Set Up Datameer on an HDFS Transparent Encryption-enabled Cluster

Configuring HDFS Transparent Encryption-enabled Cluster with Datameer

Use the following steps to connect Datameer to an HDFS transparent encryption-enabled cluster and point the Datameer private folder to an encrypted folder:

Set the Datameer Private Folder field to the encrypted HDFS folder. Select HDFS Transparent Encryption.

Specify the KMS (Key Management Server) URI or KMS HA (High Availability) URI. 

The KMS URI is located in your Hadoop cluster core-site.xml file.

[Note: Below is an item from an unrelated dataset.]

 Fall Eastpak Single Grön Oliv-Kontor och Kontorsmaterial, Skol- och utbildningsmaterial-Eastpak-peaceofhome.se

It is the value for the property hadoop.security.key.provider.path=

Adding the KMS URI http@<kms1>:16000/kms into the above field automatically adds the following custom properties to all jobs:

<pre>hadoop.security.key.provider.path=&lt;kms://http@kms1;kms2:16000/kms&gt;
dfs.encryption.key.provider.uri=&lt;kms://http@kms1;kms2:16000/kms&gt;</pre>

No Datameer service restart is required for this change.

In Datameer versions 6.0.1, 6.0.2, and 6.0.3 an additional step is required.

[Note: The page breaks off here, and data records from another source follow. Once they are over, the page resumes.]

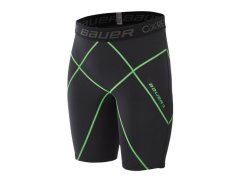 Šortky Ribano Bauer Core 1.0 M 1059325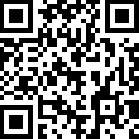 手游吃鸡版v1.0.0 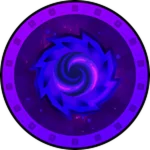 Dimensional Dealmaker badge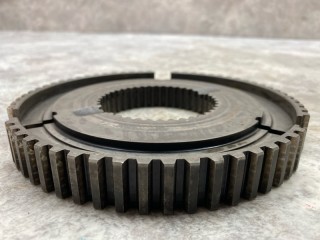 Ступица синхронизатора КПП, ориг. номер 1325304226, 157319, 1893373, 95535849, K2002211, DAF XF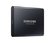 Solid State Drive, 2 tb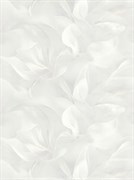 Обои АСПЕКТ РУ WallDecor Аделин декор 75298-11 1,06*10,05м (1упак-6рул)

Add the custom property: tez.dag.recovery.enabled=false

For a Key Management Server (KMS) in High Availability (HA) mode provide both hosts separated with a semicolon within the URI, http@<kms1>;<kms2>:16000/kms

Configuring Datameer for KMS in HA mode requires a Datameer service restart.

If the KMS is configured for TLS/SSL use https as protocol, https@<kms1>:16000/kms or https@<kms1>;<kms2>:16000/kms.

Requirements

In Kerberos security enabled server, make sure your KMS kms-site.xml has the following content:

  <property>
    <name>hadoop.kms.proxyuser.datameer.groups</name>
    <value>dasuser</value>
  </property>
  <property>
    <name>hadoop.kms.proxyuser.datameer.hosts</name>
    <value>*</value>
  </property>

This information allows the system user running Datameer to impersonate users in secure impersonation mode.